Save the Sharks to Keep Oceans Healthy

TUESDAY, 31 JULY - Social media was abuzz in the first week of July (2018) with yet appalling news of a dead Whale Shark reportedly accidentally caught in a fisherman’s net.

The site of the incident was a coastal village in Mukah, in neighbouring Sarawak.

Unlike other large predatory sharks, the Whale Shark is a rather gentle but generally misunderstood large vertebrate.

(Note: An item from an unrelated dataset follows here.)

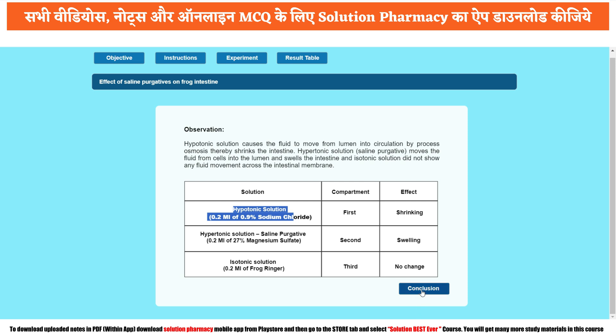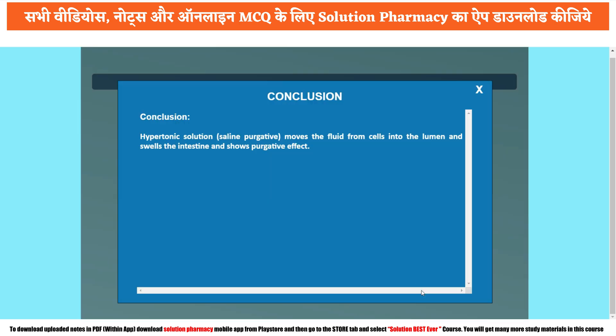Click on the conclusion tab. The conclusion reads: hypertonic solution, or saline purgative, or osmotic purgative, moves the fluid from the cell into the lumen, swells the intestine, and produces a purgative effect. This was today's experiment with the help of xform software. I hope you got the concept of the experiment. Thank you so much for watching this video. Namaskar, take care.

Described by marine ecologists as charismatic, the reason this unique ocean wildlife swim to near the sea surface is simply to feed.

Their main food is called planktons – microscopic creatures which consist of primary producers and primary consumers.

Borneo indeed has a high biodiversity of sharks and rays, with over 100 species scientifically recorded from its waters, including fresh and brackish water habitats.

A biodiversity monitoring research program spanning 20 years, conducted by Universiti Malaysia Sabah researchers, found that at present, the sharks of Sabah’s waters is dominated by bamboo sharks and coral catsharks.

According to Dr. Mabel Manjaji Matsumoto, leader of the research project funded by Save Ours Seas Foundation, these demersal or bottom dwelling sharks appear to have replaced the larger predatory coastal inshore species.

Such shift in species dominance, especially from a larger to smaller species is what is termed by fisheries scientists as a process of “fishing down the food web”.

The process describes of large predatory (fish) species as having been depleted due to fishing pressure, where the fisheries are increasingly turning to the smaller and previously rejected species.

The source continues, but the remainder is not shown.